Home Video Hovel: The Erotic Rites of Frankenstein, by David Bax
I owe most of my familiarity with the bizarre subgenre of cinema fantastique to Kino Lorber and their Redemption imprint. It was a few years ago that they released a series of films by Jean Rollin, one of the stalwarts of the form. More recently, they’ve been putting out work by another, Jess Franco. Now they give us The Erotic Rites of Frankenstein, a neat and compact little horror story at only 74 minutes that still manages to cram in plenty of the hedonistic indulgences of the form.
A twist on the classic Frankenstein story, this version begins with the mad doctor being killed by a cult leader named Cagliostro (Howard Vernon) mere moments after creating his famous monster (Fernando Bilbao).
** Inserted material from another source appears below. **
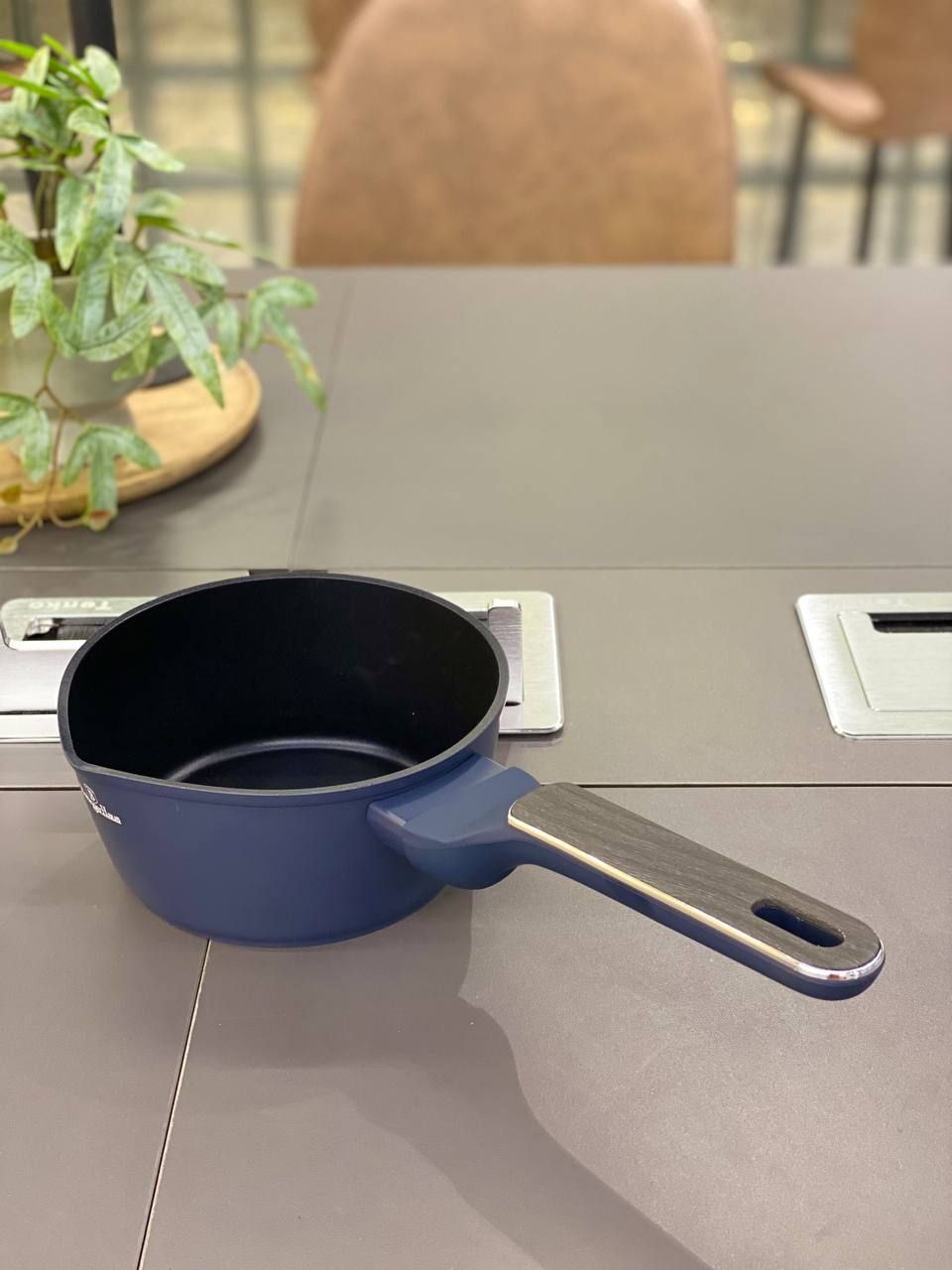 quanh berlinger haus bh 8368 16cm mau xanh deepsea collection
The monster is kidnapped along with Frankenstein’s daughter (Beatriz Savon). Cagliostro’s plan involves murdering a succession of beautiful women, piecing their parts together to create a new monster with whom the original can mate. His scheme also involves a blind half bird/half woman (Anne Libert) and an army of rotting and skeletal undead. Luckily, he left the doctor’s corpse near his machinery so the good guys can, whenever need be, pump him full of electricity and reanimate him long enough to gather the next necessary piece of exposition (seriously, this happens like three times).
That sounds like a lot of plot but mostly Franco sticks to the fantastique model of alternating self-conscious, meaninglessly artsy titillation with quiet stretches of moodiness. There’s a new age, psychedelic tone to Cagliostro’s whole milieu, the pairing of which with ritual murders has a distinctly post-Manson vibe. Most of the film’s raison d’etre can be boiled down to the uncomfortably stretched out scenes of violence, nudity or both (as in the case of the bit where a naked man and woman are lashed together and mercilessly whipped until they fall into the array of sharp, metal stakes protruding from the floor around them).
That’s not to say the movie isn’t fun, though. Franco might not have as deeply weird an imagination as Rollin but he possesses more mastery over cinematic technique. His widescreen frames showcase terrifically balanced sets and color schemes. And his use of wide-angle lenses in handheld shots are likely influences on later films by Wes Craven. With its blend of brilliant visual cues and good, schlocky fun, The Erotic Rites of Frankenstein might just be the ideal cinema fantastique starter kit.
The transfer, from 35mm negative, is up to Kino’s usual standards, vibrant and rich without over-saturation.
Special features include a commentary by Tim Lucas of Video Watchdog and an alternate English dubbed soundtrack (to which I did not submit myself).